The Peoples Democratic Party (PDP), the ruling party of Jammu and Kashmir, on Wednesday rejected the contention that the unrest in the state is because of its alliance with the Bharatiya Janata Party (BJP) and blamed the actions by the Congress and National Conference since 1948 for the loss of trust in democracy among the people of the valley.
In a strong and emotional speech in Lok Sabha during discussion on the Kashmir situation, senior PDP leader Muzaffar Hussain Baig said the Indian government should use its moral authority to resolve the problems of the state rather than using military authority.
Slamming Pakistan for its interference in Kashmir, he said people of the Valley are being “misguided”, and expressed faith in the Narendra Modi government, saying “if you can’t do it (resolve the problems), who can do it?”

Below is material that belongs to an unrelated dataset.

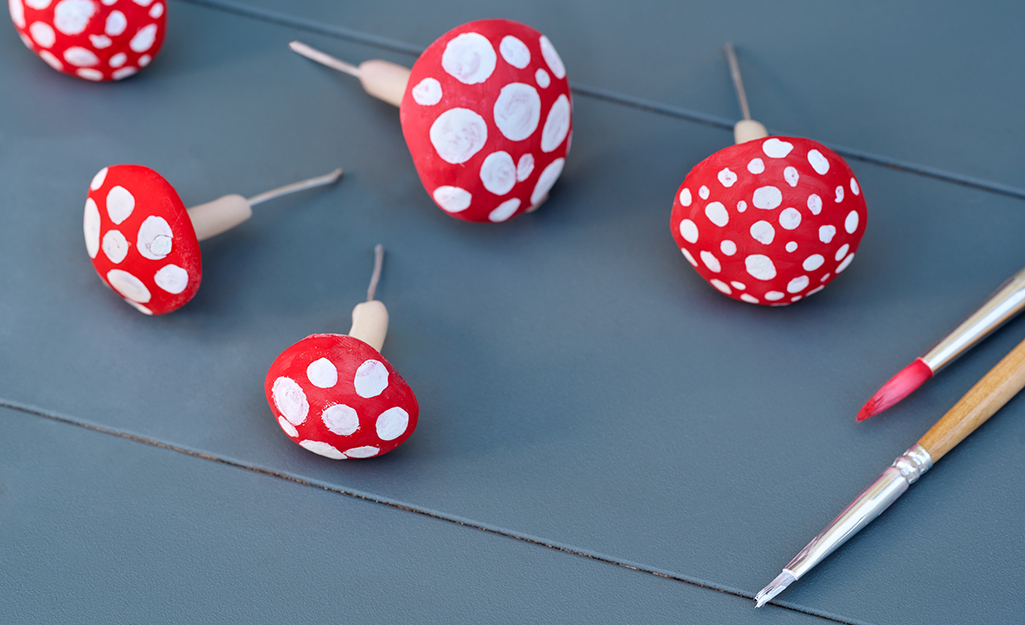 Five hand painted, miniature mushrooms lay on a table.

He wondered whether Hizbul Mujahideen commander Burhan Wani, whose killing in an encounter with security forces triggered the unrest, could have been arrested instead of being gunned down.
In this context, the former minister of Jammu and Kashmir cited examples of how some militants had earlier given up the gun and contested elections to join the mainstream.
Rejecting allegations by critics that the current unrest is due to the PDP joining hands with the BJP to form the government, Baig said, “nobody can accuse them (BJP) of being traitors”.
Seeking to turn tables on his opponents, Baig went back into history and blamed the Congress and the National Conference, without naming them, for repeated controversial actions since 1948 when Prajapati Parishad was not allowed to contest polls.
He said Kashmiris lost faith in democracy due to actions like installing “un-elected governments” and dismissing elected governments besides rigging elections.
He said the rigging of the 1987 polls, allegedly by the National Conference-Congress combine, was the “deepest cut” to the faith of Kashmiris in democracy as these elections had been contested even by those who did not believe in the Indian Constitution but wanted to repose trust in the poll process.
In this regard, he gave the example of the chief of militant group Hizbul Mujahideen, whose original name is Mohd Yusuf Shah, contesting the elections which were “rigged”.
Baig said Yasin Malik, now the Jammu Kashmir Liberation Front chief, was Shah’s polling agent and was “tortured” by police after National Conference-Congress came to power.
Taking objection to certain remarks of Baig against the Congress, party member KC Venugopal said the message should be given that the country is united on the Kashmir issue.
Referring to historical incidents, the PDP leader said a “fraud” had been played on Kashmiris by propagating that they are not pro-India and are pro-Pakistan.
Blasting Pakistan for interfering in Kashmir, Baig said the neighbouring country had become a victim of its own policies and as a result, it has Balochistan “burning” and faces problems in Pakistan-occupied Kashmir.
Appreciating the efforts of the central government, Baig disapproved of the criticism of Prime Minister Narendra Modi over the Kashmir situation, saying he should not be dragged into each and every issue.
He defended Modi over him playing drums during his Africa visit when Kashmir was burning, saying the Prime Minister was “making history [in Africa]”.
According to him, a kind of romanticism is being made about terrorism, which has become a business.
Talking about Wani’s killing, Baig wondered whether he could have been arrested. “Was it possible to arrest or inevitable to kill?... He (Wani) was not an invisible ghost or an Osama Bin Laden... At least for the sake of having a good judgement, it should be looked into whether Wani could have been arrested,” he said.
Taking objection to certain anti-Muslim remarks made by a leader whom he did not name, Baig said, “Muslims are as good an Indian as the Prime Minister... and Kashmiris are as good an Indian as Rajnath Singh”.
When Venugopal intervened, the PDP leader said, “Aap logon ne hamari awaaz dabayi hai (you people have suppressed our voice)”.
Minister of state for parliamentary affairs SS Ahluwalia told Venugopal that if “we don’t allow him to speak in the tallest temple of democracy, then where is he going to speak”.